Horde job timeout

Hello,

is there something like a timeout for Horde jobs? Sometimes when there are issues, jobs remain running on agents forever and we may notice only days after. I understand that underlying scripts often have own timeouts like Gauntlet but it would be nice to also have some safety net.

Thank you!

Hey there!

Thanks for the question - it’s a good real-world use case for sure. This has been under discussion internally for the time being, as there are many edge cases in how this integrates with some other subsystems. Whilst I can’t speak to when or how this would be implemented, if you’d like to make a local divergence in your Horde server, it should be relatively direct to do so.
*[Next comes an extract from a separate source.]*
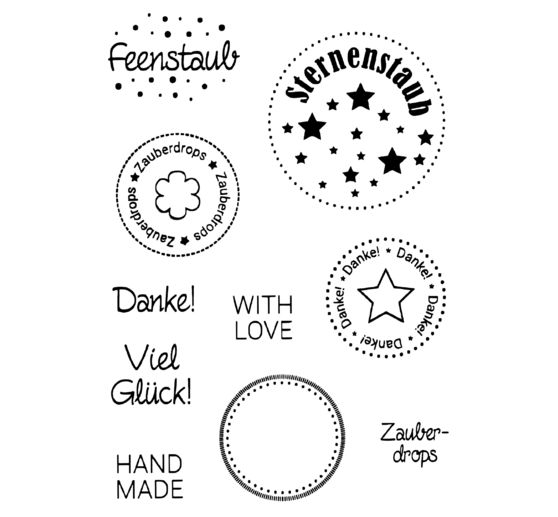 Clear Stamps "Zauberdrops" (Lettrage DE)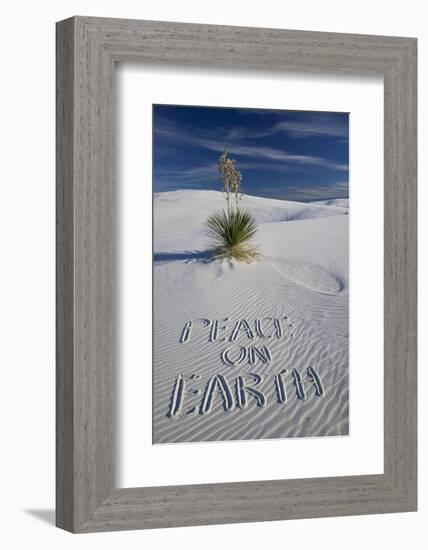 Peace on Earth Written in Sand-Darrell Gulin-Framed Photographic Print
For the source code at JobExecutor.cs

using CancellationTokenSource combined = CancellationTokenSource.CreateLinkedTokenSource(cancellationToken, stepCancellationToken); try { combined .CancelAfter(TimeSpan.FromSeconds(SOME_LONG_DURATION)); JobStepOutcome stepOutcome = await RunAsync(step, stepLogger, combined.Token); return (stepOutcome, JobStepState.Completed); }There are of course serious limitations to this in that you’ll need to answer what is a meaningful duration.

At least with this you should be able to cancel a step should it hang for some extended duration.

Kind regards,

Julian

Thanks a lot Julian for considering the request and also providing possible solution. I will look into implementing it.